先日、ある食品メーカーがシステムのリプレースを行った際、稼働したものの障害が発生し、主力商品が何か月も出荷できないという問題が発生しました。この事件はシステム業界では大きな話題となりましたが、コンサルティングやシステム導入のプロジェクトではこのような「炎上案件」に直面することが少なくありません。大事に至らなくても、日常的に似たような問題が発生していることは珍しくありません。おそらく他の業界でも同様のことが起きているのではないかと推測します。
炎上とは何か?
ざっくり言うと、期待と実際の大幅な乖離が表面化した状態です。ベンダーが提供するサービスが顧客企業の期待を満たせない場合、ベンダー側のプロジェクトマネージャーや役員が謝罪を余儀なくされたり、最悪の場合、辞任や賠償問題にまで発展することもあります。

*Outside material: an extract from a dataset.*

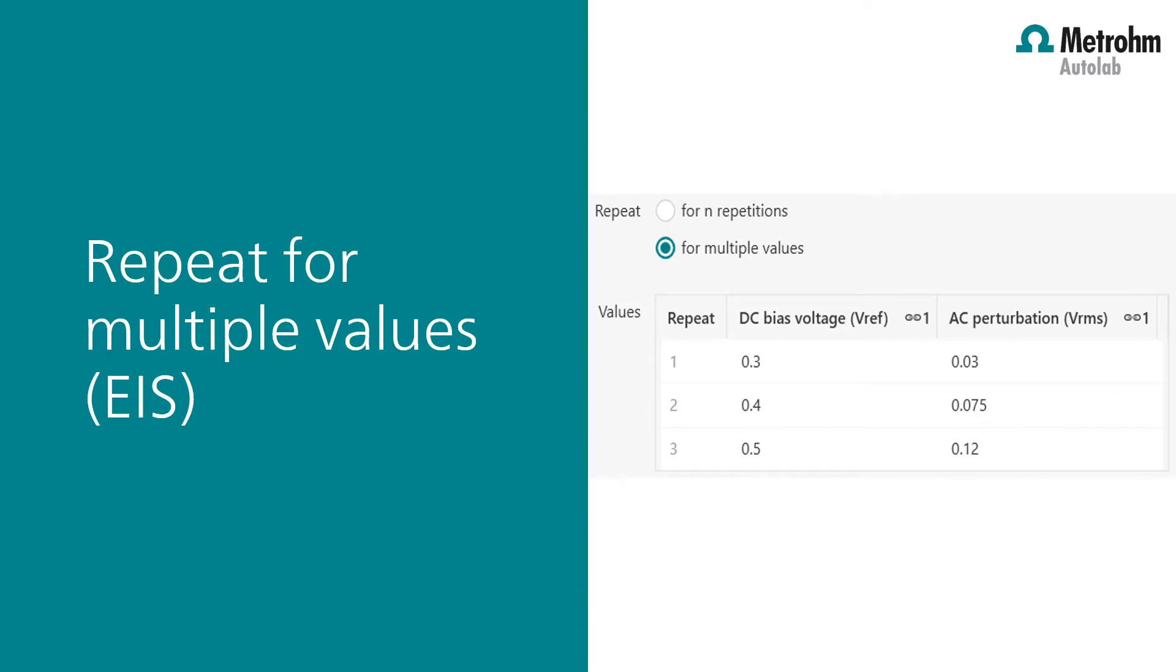In this video I'm going to show you the repeat for multiple values feature which automatically increases the DC bias voltage in the apply settings command and at the same time changes the AC perturbation amplitude in the electrochemical impedance spectroscopy command as shown in the table in this slide.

顧客企業にとっても、こうした事態はビジネスに深刻な影響を与え、担当者や責任者の立場を危うくする責任問題につながります。
例えば、次のようなケースが典型的です。
- 当初計画していたものと完成品の乖離:
計画ではAを作る予定だったのに、プロジェクトが進むうちにBが出来上がってしまった。 - 計画と実行の乖離:
スケジュールやコストが大幅に遅れたり、予算を超過してしまった。 - 期待していた効果が出ない:
計画通りにシステムが完成しても、期待した効果が得られなかったり、通常業務がストップしてしまった。 - 完成したものが思っていたものと違う:
もっと深刻なのは、顧客は最初からAを期待していたのに、ベンダーは最初からBを作ると思っていて、実際Bを作ってしまった。
炎上が起こる原因
こうした炎上の原因にはさまざまな要素があります。
- 曖昧な計画、合意、コミュニケーションの不足
- プロジェクトマネジメントやメンバーのスキル不足
- 悪い情報が報告されない
- 関係者が多すぎて、意見の統一が難しい など
炎上を防ぐための対策
炎上を回避するには上記のような原因をつぶせばいいわけですが、スキル不足の解消やコミュニケーション能力など、一朝一夕に解決できない要素が多いのも事実です。したがって、最大の対策は、問題の発生の原因となる作業をできるだけ「やらないですます」ことです。
例えば、以下のようなアプローチです。
- 事前に実物を見せる:
システムであれば、画面イメージや他社の実物を見せることで具体的なイメージを共有し、完成イメージがずれないようにする。 - 標準仕様やスケジュールを提示:
事前に標準的な仕様や標準スケジュール、標準的な体制を提示し、それをベースに議論をする。 - 条件を事前に提示する:
こちら側の条件や要望を顧客に事前に明確に提示しておく。 - 可視化の仕組み:
あえてコミュニケーションしなくとも、進捗の状況などを顧客企業に見えるような仕掛けを導入。 - 複雑な要素を最小化する:
対象範囲や関係者、外部調整をできる限り減らし、シンプルにする。 - 不得意なことはやらない:
自分たちが不得意な作業は得意な人や外部に依頼す
他にも、いろいろ考えられるでしょう。「やらないですます」ポイントは、事前定義と個人への依存の最小化です。
炎上の経営インパクト
炎上は、チームのメンバーを疲弊させ、問題の収束には時間も費用もかかります。その結果、他の案件に手が回らなくなり、ビジネス全体に悪影響を及ぼします。ですから、炎上を防ぐことは非常に重要です。「やらないですます」ことで顧客への柔軟対応ができず、商機を逃すような気がするかもしれませんが、考えようによっては「強み」になるとも言えます。みなさんも「やらないですます」方法を考えてみませんか?